At the same time, industrialization was causing a great social transformation characterized by the decline of farmers and the rise of the blue-collar worker. With this transformation came unsettling dislocations: urbanization over rural life, factories over farms, big business over small business.(fn20) The Progressive's solution to some of the economic problems presented by this transformation, particularly to the problem of corrupt state legislatures, was a hark back to Rousseauean democracy-a reinvigoration of the New England town meeting on a new scale. Writing in 1905, Howe observed a growing sentiment for direct legislation through the initiative and referendum. This is but a further expression of the spirit of democracy. It is a movement for government by public opinion. The referendum is being applied to an increasing extent in the matter of public borrowing; in passing upon the question of municipal ownership; in the granting of franchises; in amendments to city charters; in constitutional changes and the like. In Oregon and South Dakota the referendum has been extended to all matters of state legislation . . . . Its purpose is to democratize legislation, to enable the people to assume control of affairs, and insure responsible as well as responsive government. It provides a secure defence [sic] against corruption. For lobbyists will not buy legislation that cannot be delivered, or which is subject to veto by the people. The referendum will reestablish democratic forms, which have been lost through the complexity of our life, the great increase in population, the misuse of federal and state patronage, and the illegal combination of the boss with the privileged interests.

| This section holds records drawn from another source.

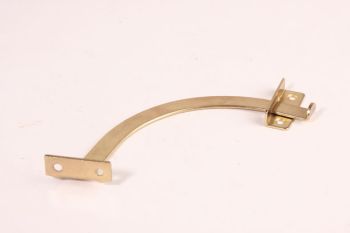 Klepschaar 150mm ijzer vermessingd per set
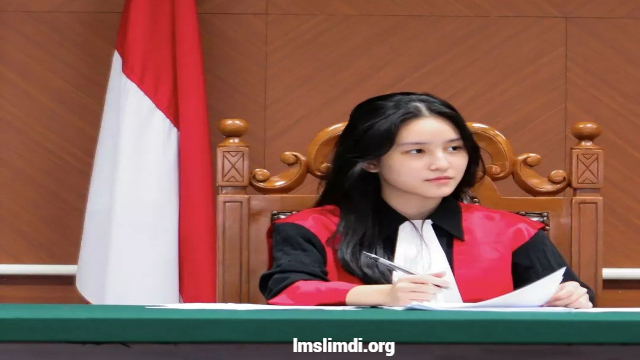 Prospek Kerja Jurusan Hukum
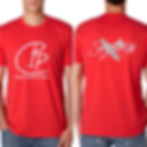 Thumbnail: Surf and Turf T-Shirt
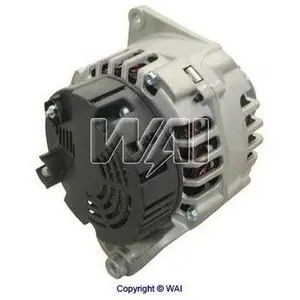 Dynamo / Alternator 23223N WAI pas cher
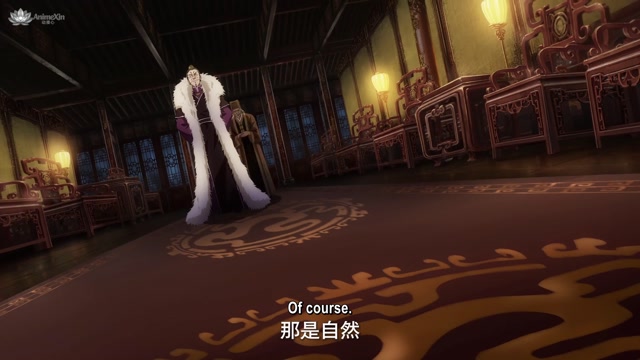 AnimeXin.dev Above Myriads Ep 9 Eng
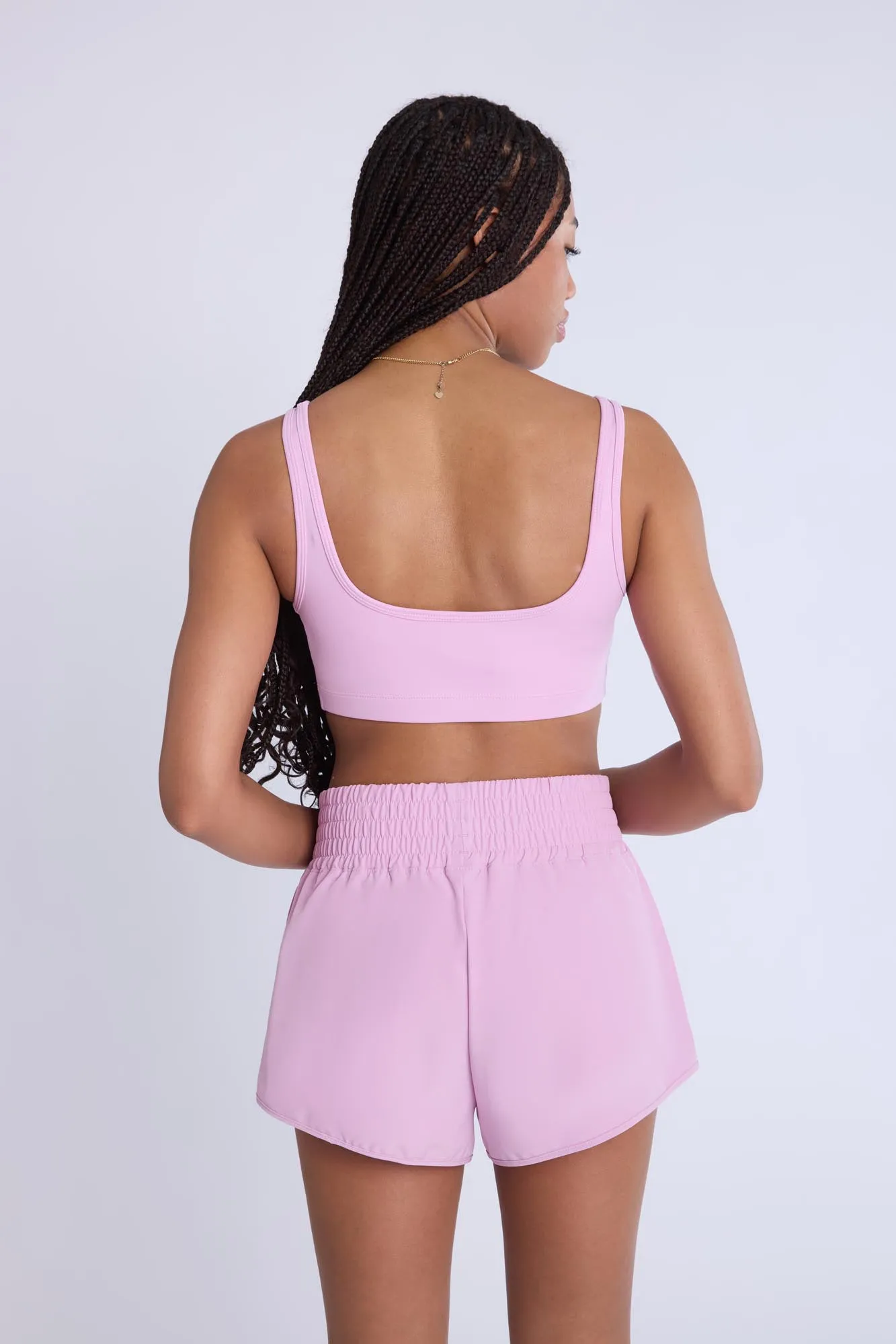 Super Smooth Sports Bra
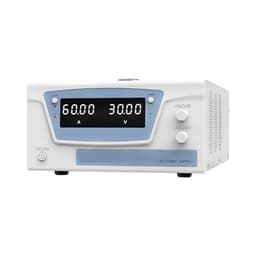 Adjustable High Power DC Power Supply Bench Variable Regulated Repair Lab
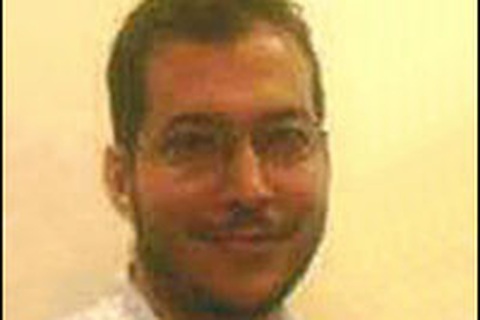 Bắt nghi phạm đánh bom ở London 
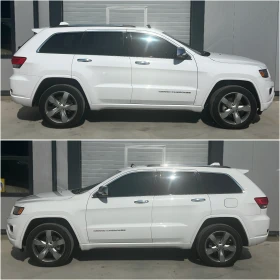 Jeep Grand cherokee OVERLAND, снимка 7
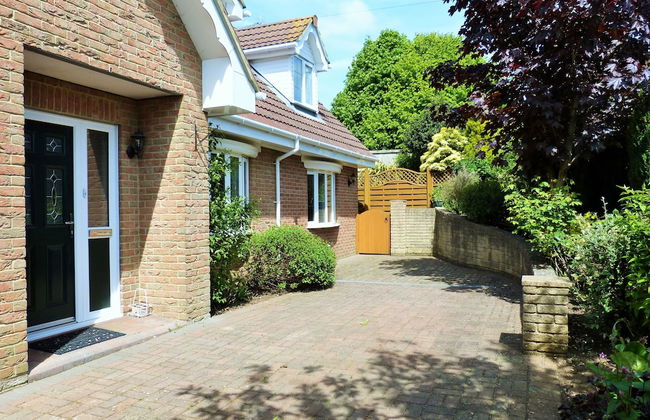 Hill Cottage - Photo 30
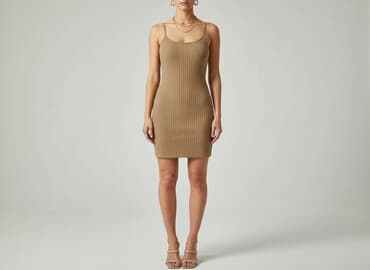 shein sukienka fioletowa: Shein, Sukienka damska, rozmiar M — 6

The initiative carries this reform one step further on. It enables the people to originate legislation and secure an expression of opinion upon it. It involves the right of the people to demand the submission of any ordinance which may have been passed by the council to the final consideration of the public.(fn21)

Thus, the general initiative and referendum were first adopted, as Howe noted, in South Dakota, in 1898. Other states soon followed.(fn22) California, the home of numerous occurrences of ballot-box legislation,(fn23) adopted direct democracy in 1911 in response to the perception that the state legislature had been corrupted by lobbyists, especially by the Southern Pacific Railroad.(fn24) Enthusiasm for direct democracy waxed during periods of major social change.(fn25)

The history of Washington State's adoption, considered next, is typical of...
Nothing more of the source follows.